September 2, 2015 - Homeowners and house hunters alike sometimes wonder about the possibility of an FHA loan assumption.

If you purchased a home with an FHA mortgage loan, does the FHA allow you to sign that loan over to another qualified borrower, so they can assume responsibility for the loan and take ownership?

This type of transaction is permitted for FHA single family home loans, but there are certain considerations you should know about starting with the date of the original loan and how that date can affect the assumption.

Depending on when the loan was issued, there may be different requirements for the borrower and the homeowner alike. For example, “If the loan application was signed by the borrower before December 1, 1986, the FHA-insured mortgage generally contains no restrictions on assumability.” That information is found in HUD 4155.2 Chapter Three, and it means that the FHA loan that meets that standard is “freely assumable”.

For FHA loans issued after December 1, 1986, the lender’s participation is required.
An FHA loan assumption requires a credit check to insure the borrower is qualified. Furthermore, the original borrower will have to work with the lender in order to complete the loan assumption.

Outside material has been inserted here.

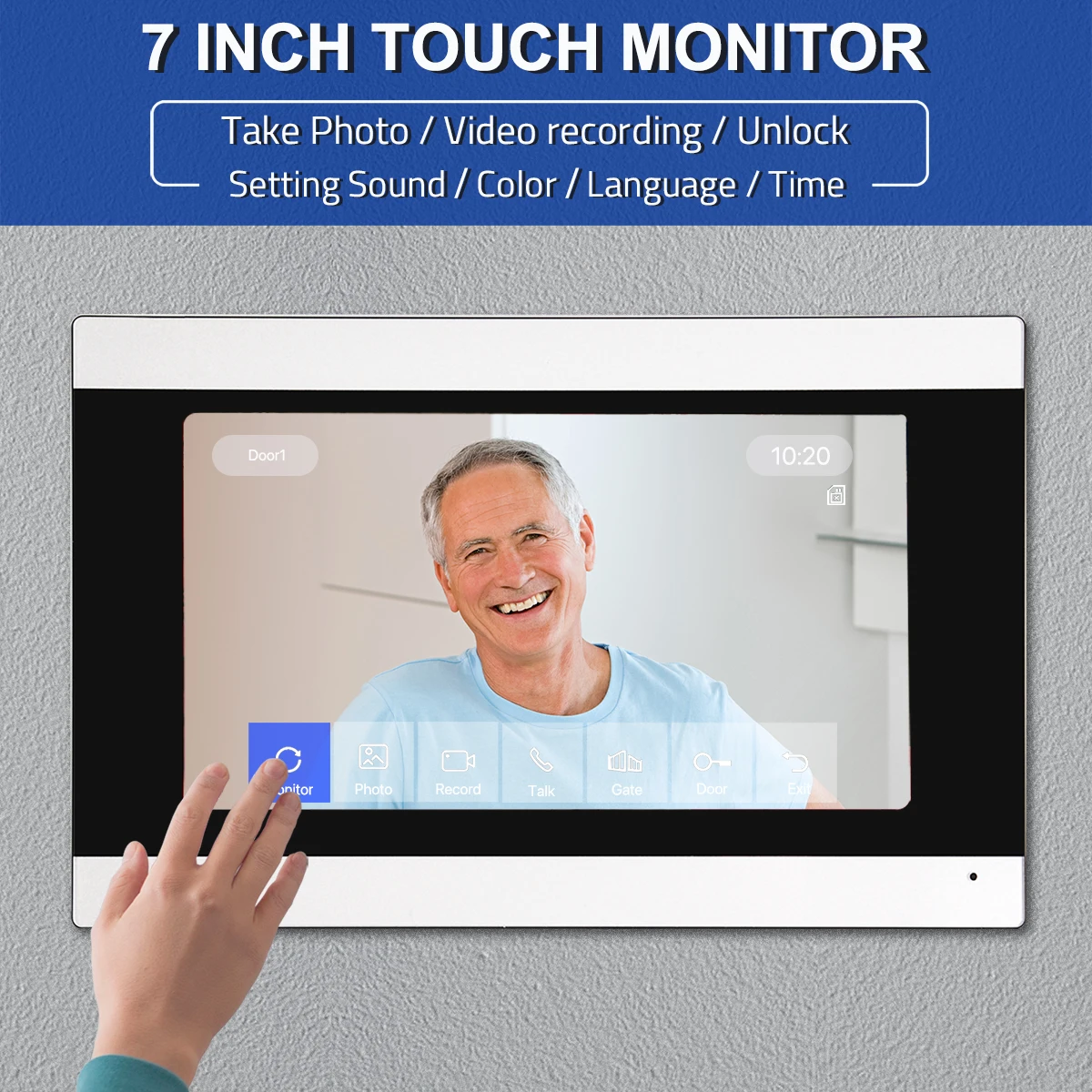 Wifi Video Intercom Doorbell System, Wifi IP Smart Video Door Phone Doorbell 7 Inch Monitor 1080P Camera 32G Card Tuya APP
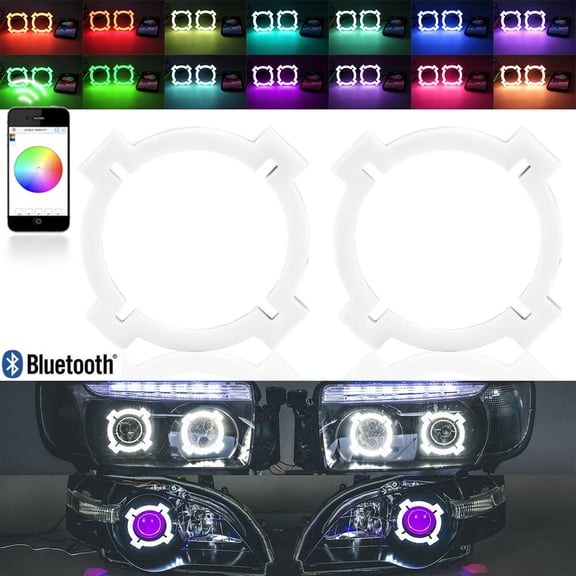 X Type RGB LED Halo Rings Angel Eyes Bluetooth APP DRL Xenon Headlight Lens 90MM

We find instructions for the lender to that effect in Chapter Three of HUD 4155.2. It tells the lender:

“For a mortgage where the application was signed on or after December 1, 1986, the loan may be assumable depending on a creditworthiness review of the assumptor(s).”

In these cases, approval of the FHA loan assumption should not be taken for granted any more than the original mortgage loan was; the lender is, similar to the original mortgage, required to make sure the new owner of the home is an acceptable credit risk. The person assuming the FHA loan should prepare for the transaction the way any home buyer would for a typical loan application.

That means reviewing FICO scores, reducing debt-to-income ratios, and preparing for any expenses associated with the loan assumption. The house hunter should seriously think about a home inspection, in exactly the same way a borrower applying for a new-purchase FHA mortgage would. Just because the loan is being assumed, rather than being applied for in a new purchase transaction, doesn’t mean the deal doesn’t carry the same degree of risk as a new purchase. The home inspection is strongly encouraged for any FHA mortgage loan.